Since you mention liking Omega Aqua Terras it might be worth searching out a used version of the older model AT - they had a re-design a few years ago with the grooved dial. Prior to that they had black, blue and silver versions in both 36mm and 39.2mm without the grooved dial, and prices on these now look very attractive, especially for the quartz versions.

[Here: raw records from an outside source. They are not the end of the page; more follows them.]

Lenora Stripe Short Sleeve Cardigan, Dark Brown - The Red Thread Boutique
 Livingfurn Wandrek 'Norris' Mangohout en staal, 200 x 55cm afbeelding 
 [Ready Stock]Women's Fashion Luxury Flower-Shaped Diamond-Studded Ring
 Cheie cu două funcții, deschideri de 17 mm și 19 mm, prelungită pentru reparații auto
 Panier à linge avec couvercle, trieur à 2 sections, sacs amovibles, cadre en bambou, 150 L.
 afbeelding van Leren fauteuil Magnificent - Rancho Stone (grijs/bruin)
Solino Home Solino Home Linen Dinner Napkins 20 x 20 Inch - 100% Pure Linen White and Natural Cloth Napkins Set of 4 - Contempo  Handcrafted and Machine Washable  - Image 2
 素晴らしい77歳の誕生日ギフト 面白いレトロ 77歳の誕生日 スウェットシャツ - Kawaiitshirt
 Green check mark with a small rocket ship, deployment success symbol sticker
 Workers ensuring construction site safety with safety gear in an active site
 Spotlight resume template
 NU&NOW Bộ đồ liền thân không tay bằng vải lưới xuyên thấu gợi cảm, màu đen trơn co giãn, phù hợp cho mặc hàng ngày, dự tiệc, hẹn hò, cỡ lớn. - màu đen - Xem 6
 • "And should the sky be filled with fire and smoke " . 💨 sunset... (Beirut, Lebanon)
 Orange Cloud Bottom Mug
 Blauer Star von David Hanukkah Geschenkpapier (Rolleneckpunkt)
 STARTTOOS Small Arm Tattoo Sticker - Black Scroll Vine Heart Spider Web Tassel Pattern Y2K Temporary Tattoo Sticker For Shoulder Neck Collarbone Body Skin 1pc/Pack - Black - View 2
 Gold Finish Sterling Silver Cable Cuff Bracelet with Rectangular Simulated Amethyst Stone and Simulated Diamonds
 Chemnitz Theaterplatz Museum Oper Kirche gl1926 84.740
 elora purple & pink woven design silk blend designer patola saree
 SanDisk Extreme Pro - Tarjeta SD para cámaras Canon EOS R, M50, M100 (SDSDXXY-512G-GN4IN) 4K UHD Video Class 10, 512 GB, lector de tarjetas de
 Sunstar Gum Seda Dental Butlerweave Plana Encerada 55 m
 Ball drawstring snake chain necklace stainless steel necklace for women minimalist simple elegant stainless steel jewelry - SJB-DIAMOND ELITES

The silver dial is an overlooked classic, arguably working better than the current white faced AT, and it's more dressy too. The 39.2mm wears quite large but I have smaller wrists than you and still like it - though by the sound of things you may prefer the midsize.


----------



## Barryboy (Mar 21, 2006)

You might also consider hummers. There are some interesting Omega hummers in your size at sensible money.

Rob


----------



## martinzx (Aug 29, 2010)

I dont think the width of the watch is much of a problem up to 40mm or even 42mm, it is the lugs to lugs size that will cause problems, IMHO 

Good luck


----------



## thomasaurus (May 31, 2010)

Maybe...



Or if you want a military look...hey, even comes with a free pencil case and radio 



I'm sorry, I tried my hardest to resist but I gave in eventually 

Welcome and as you can see nobody is too serious here...


----------



## dowsing (Sep 21, 2006)

How about any of the following?

Zeno Explorer at 36mm










Or an Alpha Explorer homage

A 7A38 or 7A28 they are around the 37-38mm mark. I'm wearing one today 



















Vintage Eterna Matic 1000 5 Star at 35mm


----------



## Stuart Ellis (Jul 16, 2010)

Thanks to everyone for the great replies. I didn't expect so many or such good advice. Well today is my birthday and after some very subtle hints I recieved a very nice seiko. Thanks again for all of your ideas ( even the ones about weights!). Once I get my laptop fixed I'll add some pics.


----------